I didn't find this especially funny or even entertaining simply because its depiction of emptiness and unfulfilled lives felt so painful. There is a sense of near-despair that pervades each scene and every character's bravado. Through the complex sound editing, Altman masterfully creates a sense of both distance and immersion, enabling a viewing experience that is detached yet by no means lacking in compassion.
One of the most genuine and funny movies I've seen. It flows and feels real in every moment. These guys are in a tunnel together, probably on a road to ruin, but man are they having fun.. The compulsive behaviour of taking a chance, taking a risk, is present on every level. At times you admire it, at times you despise it.
Emphasis on "California"—like Inherent Vice, this is best appreciated by those who know the Golden State, with its unconventional makeshift family units and its subcultures trying their damnedest to avoid having a 9-to-5 routine. Its dissection of gambling addiction is heartbreaking, with Elliot Gould the standout as a man capable of papering over his irresponsibility with pure charisma.
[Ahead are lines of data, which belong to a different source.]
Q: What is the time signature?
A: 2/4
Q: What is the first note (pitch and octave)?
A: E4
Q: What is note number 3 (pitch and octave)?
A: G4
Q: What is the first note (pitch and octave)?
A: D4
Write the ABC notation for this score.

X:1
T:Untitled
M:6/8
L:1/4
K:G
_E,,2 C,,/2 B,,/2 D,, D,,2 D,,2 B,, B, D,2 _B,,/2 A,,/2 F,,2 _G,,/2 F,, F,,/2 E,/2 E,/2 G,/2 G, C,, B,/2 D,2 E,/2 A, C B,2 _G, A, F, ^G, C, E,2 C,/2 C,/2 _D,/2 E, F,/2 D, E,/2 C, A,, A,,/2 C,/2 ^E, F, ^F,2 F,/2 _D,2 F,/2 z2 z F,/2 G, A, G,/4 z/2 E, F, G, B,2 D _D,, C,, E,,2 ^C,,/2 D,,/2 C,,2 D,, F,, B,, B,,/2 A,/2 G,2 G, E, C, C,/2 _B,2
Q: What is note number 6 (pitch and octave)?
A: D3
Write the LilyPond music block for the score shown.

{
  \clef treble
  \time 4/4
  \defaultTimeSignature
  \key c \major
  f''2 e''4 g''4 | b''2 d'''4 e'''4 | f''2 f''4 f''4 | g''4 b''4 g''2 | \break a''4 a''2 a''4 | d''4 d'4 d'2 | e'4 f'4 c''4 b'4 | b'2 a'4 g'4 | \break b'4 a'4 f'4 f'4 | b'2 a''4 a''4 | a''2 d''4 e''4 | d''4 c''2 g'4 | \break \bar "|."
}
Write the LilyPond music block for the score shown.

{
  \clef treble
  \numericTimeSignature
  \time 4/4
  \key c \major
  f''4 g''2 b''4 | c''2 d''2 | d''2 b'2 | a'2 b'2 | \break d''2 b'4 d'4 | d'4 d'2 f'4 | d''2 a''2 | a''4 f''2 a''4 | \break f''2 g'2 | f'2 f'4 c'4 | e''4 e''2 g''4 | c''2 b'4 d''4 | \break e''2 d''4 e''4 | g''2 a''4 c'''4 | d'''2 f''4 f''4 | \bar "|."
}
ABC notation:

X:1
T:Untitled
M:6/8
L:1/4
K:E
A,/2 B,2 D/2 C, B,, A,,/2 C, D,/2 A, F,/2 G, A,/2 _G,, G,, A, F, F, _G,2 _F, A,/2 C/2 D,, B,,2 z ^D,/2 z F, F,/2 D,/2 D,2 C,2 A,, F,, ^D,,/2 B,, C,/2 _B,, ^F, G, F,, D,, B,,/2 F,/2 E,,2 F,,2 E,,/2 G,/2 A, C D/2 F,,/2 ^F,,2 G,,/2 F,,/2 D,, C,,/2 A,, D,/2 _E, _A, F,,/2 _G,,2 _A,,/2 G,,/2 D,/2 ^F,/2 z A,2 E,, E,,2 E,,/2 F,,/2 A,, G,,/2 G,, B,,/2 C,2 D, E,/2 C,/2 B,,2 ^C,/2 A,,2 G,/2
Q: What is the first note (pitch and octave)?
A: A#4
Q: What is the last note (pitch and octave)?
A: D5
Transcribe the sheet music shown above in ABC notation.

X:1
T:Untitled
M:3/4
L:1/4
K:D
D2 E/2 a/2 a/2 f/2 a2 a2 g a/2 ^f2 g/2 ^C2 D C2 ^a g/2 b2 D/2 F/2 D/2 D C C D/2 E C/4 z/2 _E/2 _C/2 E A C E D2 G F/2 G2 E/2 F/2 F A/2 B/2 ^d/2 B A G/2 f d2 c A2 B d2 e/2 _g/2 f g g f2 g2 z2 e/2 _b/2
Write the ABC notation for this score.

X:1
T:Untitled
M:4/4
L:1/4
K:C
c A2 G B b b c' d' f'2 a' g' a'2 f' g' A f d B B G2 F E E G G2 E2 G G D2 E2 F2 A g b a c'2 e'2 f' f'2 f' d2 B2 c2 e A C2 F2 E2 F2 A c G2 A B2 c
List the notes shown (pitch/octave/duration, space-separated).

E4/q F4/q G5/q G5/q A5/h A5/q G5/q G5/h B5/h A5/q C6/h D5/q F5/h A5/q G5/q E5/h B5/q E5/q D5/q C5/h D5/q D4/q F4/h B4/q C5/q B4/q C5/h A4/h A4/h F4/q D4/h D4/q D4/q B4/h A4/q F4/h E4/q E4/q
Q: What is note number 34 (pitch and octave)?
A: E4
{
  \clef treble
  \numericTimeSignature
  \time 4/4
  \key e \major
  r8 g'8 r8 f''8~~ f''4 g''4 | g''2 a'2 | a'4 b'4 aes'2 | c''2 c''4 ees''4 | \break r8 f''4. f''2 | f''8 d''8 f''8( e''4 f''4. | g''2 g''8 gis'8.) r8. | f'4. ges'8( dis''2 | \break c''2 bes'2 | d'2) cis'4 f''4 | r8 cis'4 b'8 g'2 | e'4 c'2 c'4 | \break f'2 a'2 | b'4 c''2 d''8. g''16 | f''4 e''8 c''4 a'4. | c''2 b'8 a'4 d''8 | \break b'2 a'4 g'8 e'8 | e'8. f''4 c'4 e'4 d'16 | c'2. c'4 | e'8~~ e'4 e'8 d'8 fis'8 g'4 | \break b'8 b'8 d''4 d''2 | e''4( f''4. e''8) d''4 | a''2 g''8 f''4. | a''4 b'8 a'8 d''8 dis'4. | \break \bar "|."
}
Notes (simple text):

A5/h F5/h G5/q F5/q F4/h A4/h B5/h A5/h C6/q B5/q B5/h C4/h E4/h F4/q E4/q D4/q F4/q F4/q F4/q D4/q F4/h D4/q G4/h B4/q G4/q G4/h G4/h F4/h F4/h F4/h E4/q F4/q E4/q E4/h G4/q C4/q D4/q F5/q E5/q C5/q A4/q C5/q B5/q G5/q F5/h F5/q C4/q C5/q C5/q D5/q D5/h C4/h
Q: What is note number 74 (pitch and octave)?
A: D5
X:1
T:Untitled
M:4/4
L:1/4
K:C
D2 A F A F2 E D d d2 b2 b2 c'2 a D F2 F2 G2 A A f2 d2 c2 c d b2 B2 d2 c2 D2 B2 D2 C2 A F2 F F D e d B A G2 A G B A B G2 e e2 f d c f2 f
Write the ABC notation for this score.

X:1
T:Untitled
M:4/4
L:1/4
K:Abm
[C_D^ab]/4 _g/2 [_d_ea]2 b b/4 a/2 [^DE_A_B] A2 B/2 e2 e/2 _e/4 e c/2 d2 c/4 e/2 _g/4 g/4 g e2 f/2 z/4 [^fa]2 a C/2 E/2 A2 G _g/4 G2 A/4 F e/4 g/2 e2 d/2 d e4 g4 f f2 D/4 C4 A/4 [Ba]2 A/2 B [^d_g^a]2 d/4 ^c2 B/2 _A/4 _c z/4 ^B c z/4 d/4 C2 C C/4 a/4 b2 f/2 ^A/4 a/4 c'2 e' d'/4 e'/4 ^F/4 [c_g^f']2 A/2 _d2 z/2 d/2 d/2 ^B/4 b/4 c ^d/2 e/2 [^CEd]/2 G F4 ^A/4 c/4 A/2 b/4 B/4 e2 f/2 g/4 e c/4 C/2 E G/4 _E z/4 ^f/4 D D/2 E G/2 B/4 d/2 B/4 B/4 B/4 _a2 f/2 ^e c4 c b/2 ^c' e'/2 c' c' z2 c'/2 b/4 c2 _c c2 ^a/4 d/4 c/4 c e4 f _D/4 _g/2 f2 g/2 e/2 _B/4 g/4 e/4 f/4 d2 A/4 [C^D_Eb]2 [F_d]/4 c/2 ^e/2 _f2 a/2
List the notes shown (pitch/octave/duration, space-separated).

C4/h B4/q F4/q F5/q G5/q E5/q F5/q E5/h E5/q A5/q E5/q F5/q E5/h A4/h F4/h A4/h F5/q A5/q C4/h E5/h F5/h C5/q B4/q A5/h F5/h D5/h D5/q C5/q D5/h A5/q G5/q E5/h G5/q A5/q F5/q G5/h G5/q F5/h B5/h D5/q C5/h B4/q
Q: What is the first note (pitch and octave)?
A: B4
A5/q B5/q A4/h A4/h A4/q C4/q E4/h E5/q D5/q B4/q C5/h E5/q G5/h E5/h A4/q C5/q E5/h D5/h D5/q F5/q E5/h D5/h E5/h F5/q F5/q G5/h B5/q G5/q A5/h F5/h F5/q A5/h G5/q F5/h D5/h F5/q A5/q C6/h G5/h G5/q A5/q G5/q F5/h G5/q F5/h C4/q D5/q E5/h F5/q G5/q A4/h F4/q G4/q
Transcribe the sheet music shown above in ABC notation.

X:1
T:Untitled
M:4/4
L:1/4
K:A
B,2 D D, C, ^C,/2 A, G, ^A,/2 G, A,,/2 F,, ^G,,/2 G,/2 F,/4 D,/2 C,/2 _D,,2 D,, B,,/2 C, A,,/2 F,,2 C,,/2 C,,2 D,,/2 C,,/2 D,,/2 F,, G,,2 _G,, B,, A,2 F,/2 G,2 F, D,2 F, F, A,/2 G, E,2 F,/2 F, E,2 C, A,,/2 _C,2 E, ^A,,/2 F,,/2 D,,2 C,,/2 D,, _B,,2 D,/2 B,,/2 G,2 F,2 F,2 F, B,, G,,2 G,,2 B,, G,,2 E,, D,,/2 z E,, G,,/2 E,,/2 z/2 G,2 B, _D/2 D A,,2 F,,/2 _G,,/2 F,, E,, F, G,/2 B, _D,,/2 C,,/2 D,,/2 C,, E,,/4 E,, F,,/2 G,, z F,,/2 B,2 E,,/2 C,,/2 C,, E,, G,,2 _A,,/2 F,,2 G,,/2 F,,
The wheel keeps spinning.
Enormously entertaining thanks to its leads, though still secondary Cassavetes and let me exercise a blasphemous opinion: I think as an update 'Mississippi Grind' might do it better. Sure, this has the naturalistic charm, but that film is a better exploration of the patterns=meaning behaviour that this ultimately just grazes. Meaning a terrific character study, just thematically unfocused?